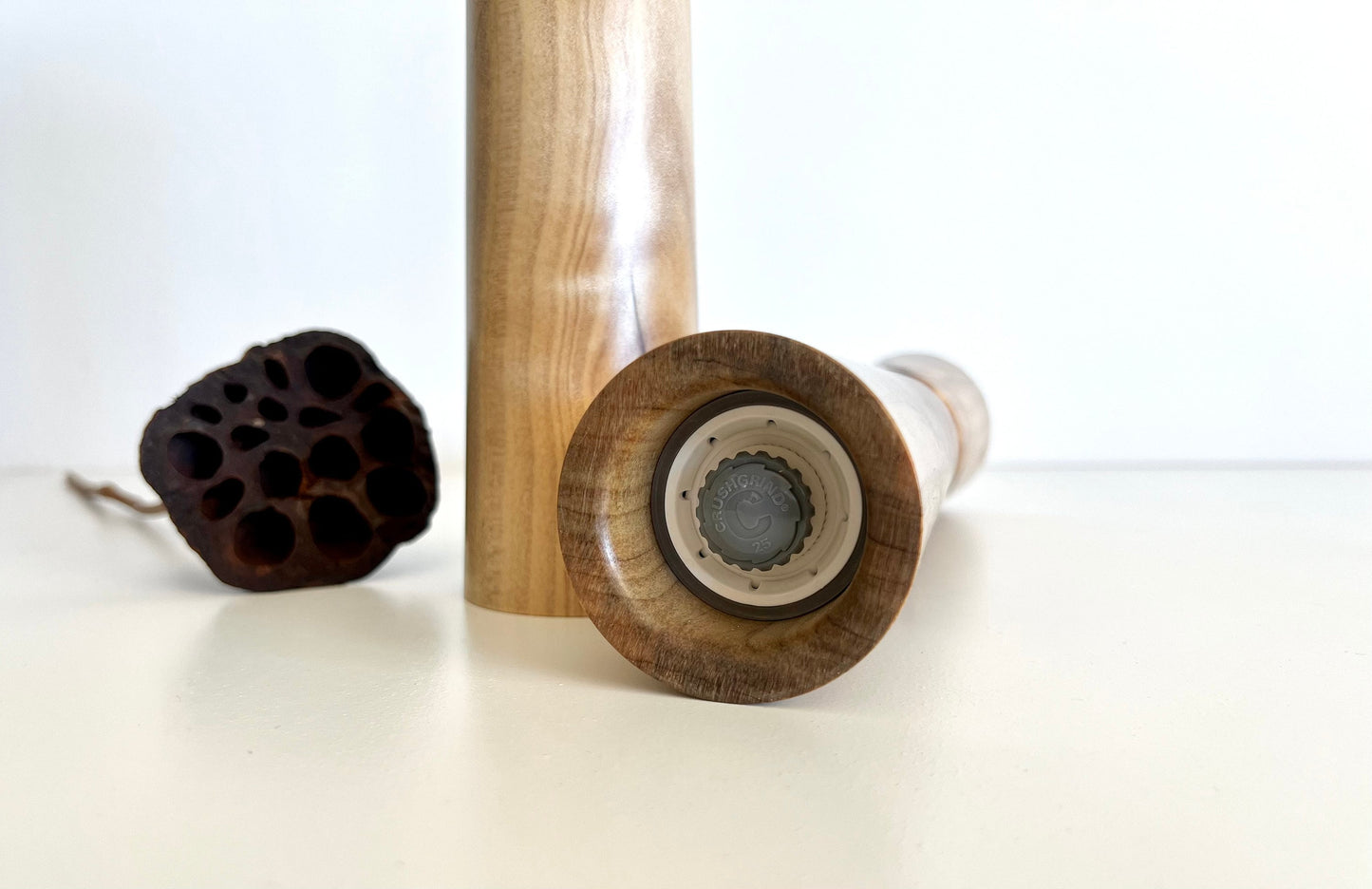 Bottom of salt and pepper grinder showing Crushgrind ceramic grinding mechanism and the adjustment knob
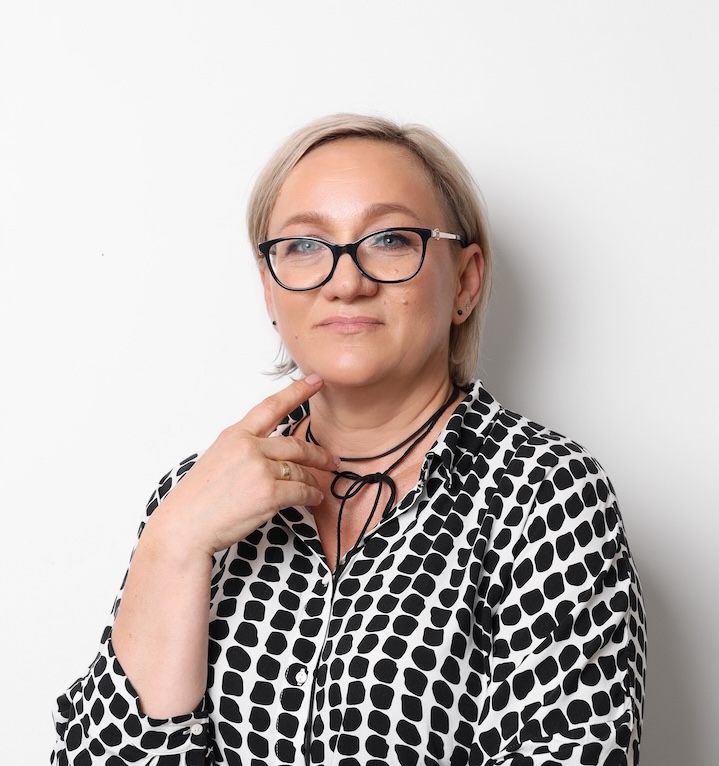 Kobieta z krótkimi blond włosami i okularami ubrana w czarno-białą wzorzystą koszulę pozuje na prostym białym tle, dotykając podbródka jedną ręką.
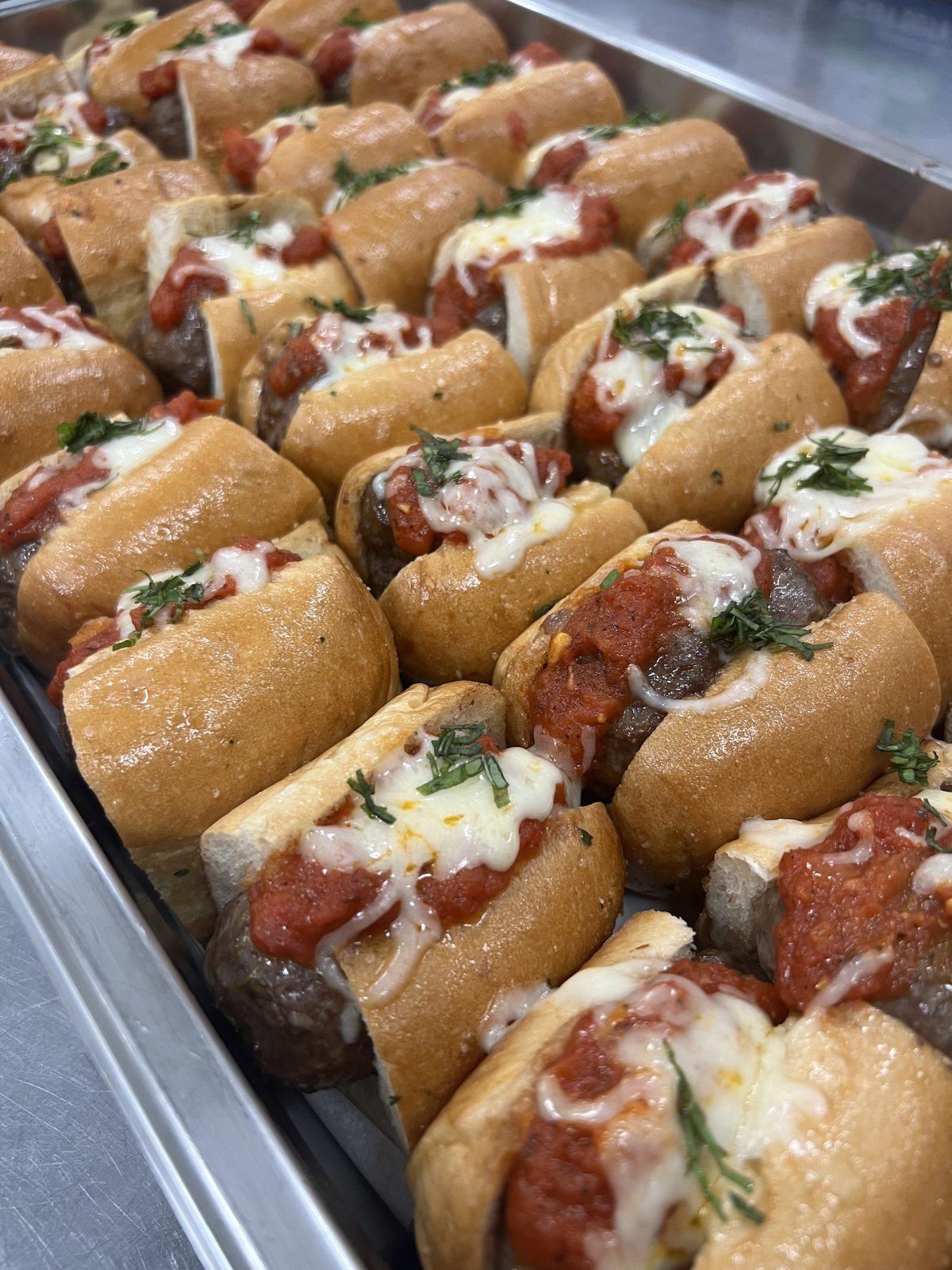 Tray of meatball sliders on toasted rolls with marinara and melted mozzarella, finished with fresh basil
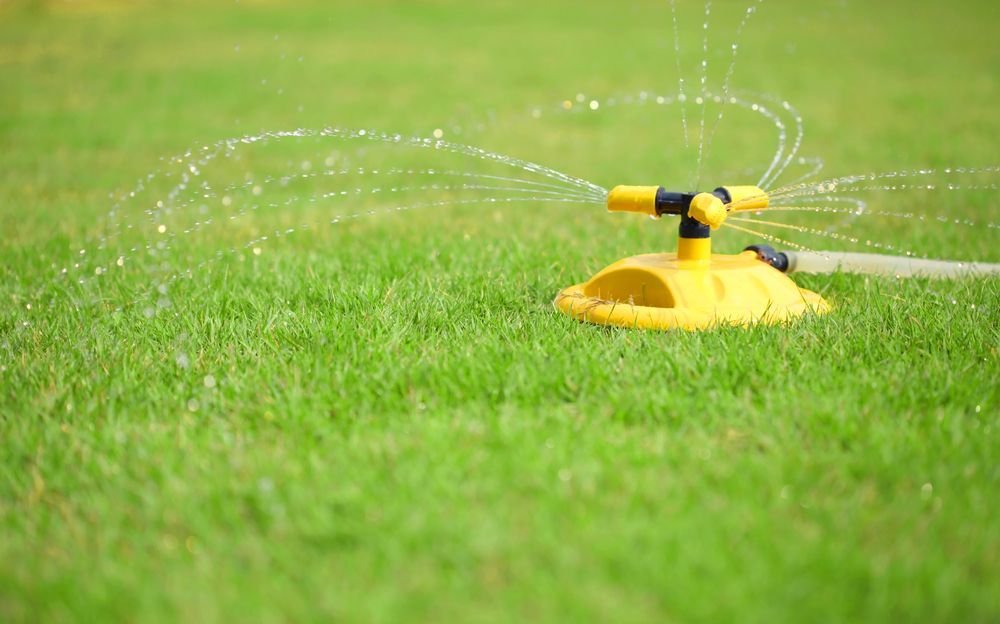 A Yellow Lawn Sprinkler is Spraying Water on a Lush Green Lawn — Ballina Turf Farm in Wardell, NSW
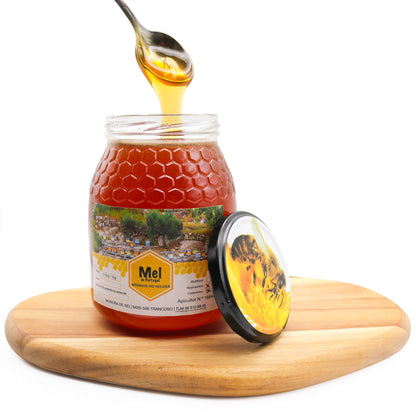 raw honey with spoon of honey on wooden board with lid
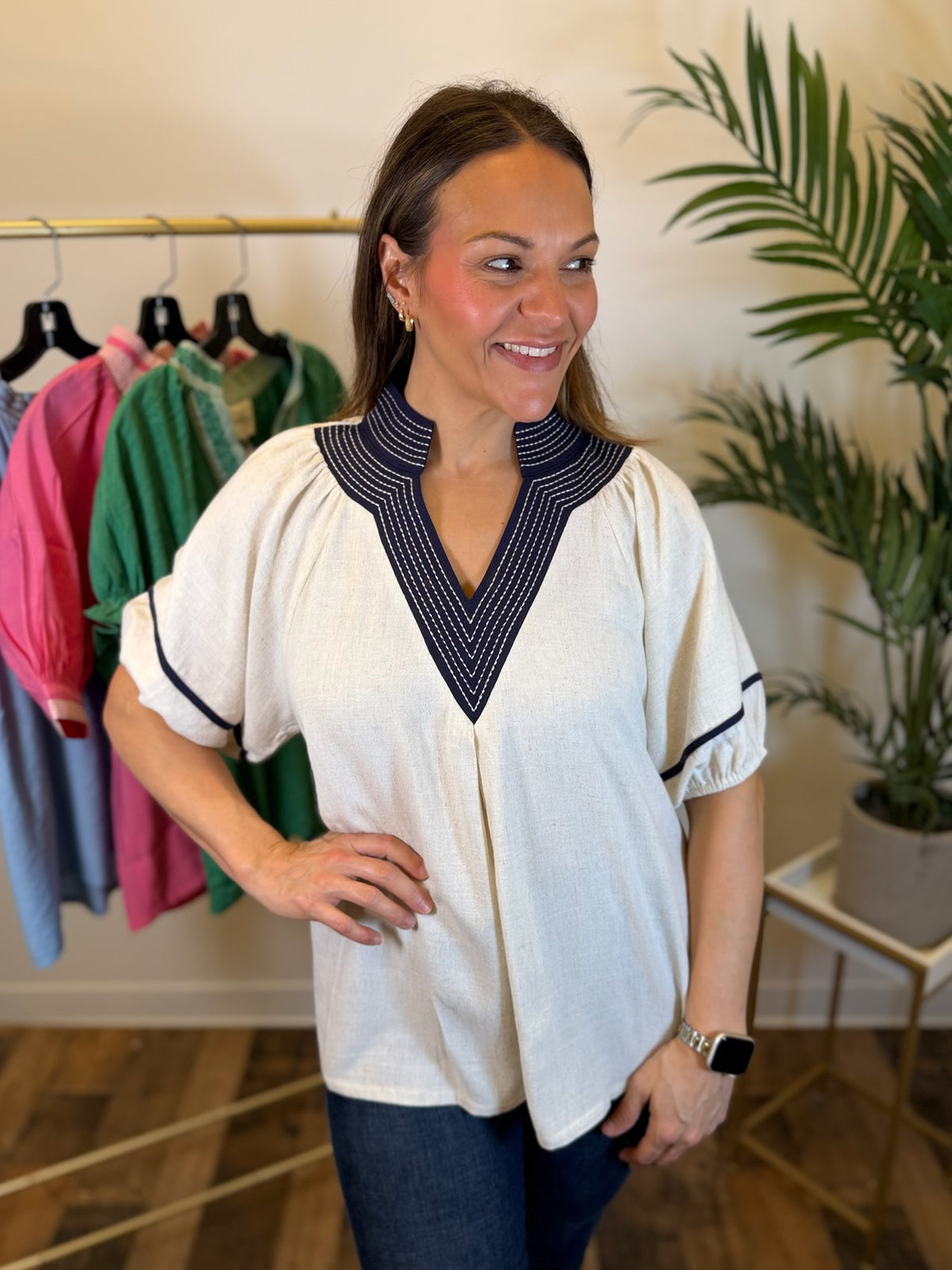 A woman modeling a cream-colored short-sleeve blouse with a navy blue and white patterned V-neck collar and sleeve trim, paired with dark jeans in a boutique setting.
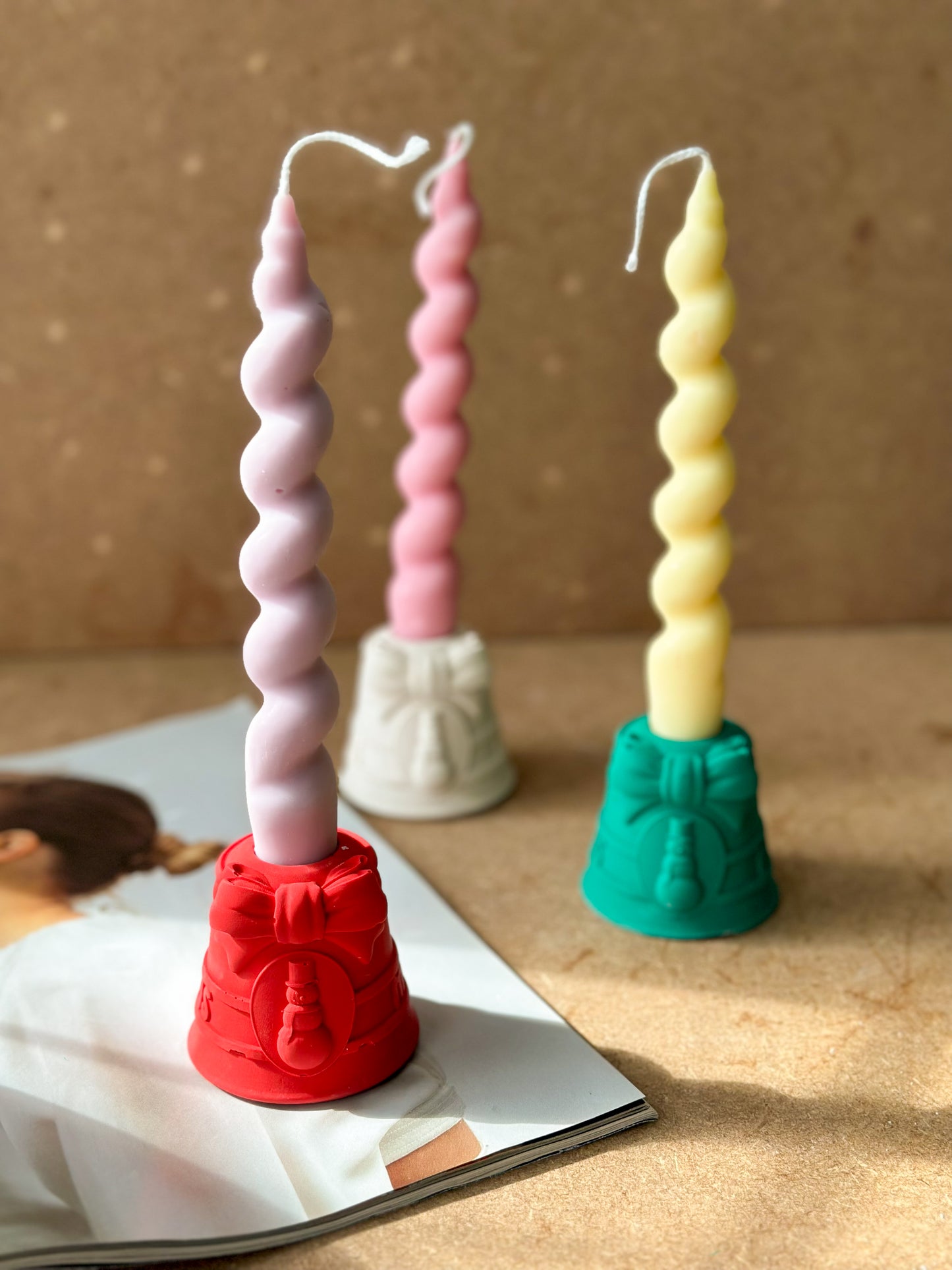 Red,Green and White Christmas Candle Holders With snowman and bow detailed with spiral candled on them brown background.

> What the exercise asks: Exactly the lines from the top of the listing through the line with "Tray of meatball", and no pictures, should be printed.

> Worked solution:
 Bottom of salt and pepper grinder showing Crushgrind ceramic grinding mechanism and the adjustment knob
 Kobieta z krótkimi blond włosami i okularami ubrana w czarno-białą wzorzystą koszulę pozuje na prostym białym tle, dotykając podbródka jedną ręką.
 Tray of meatball sliders on toasted rolls with marinara and melted mozzarella, finished with fresh basil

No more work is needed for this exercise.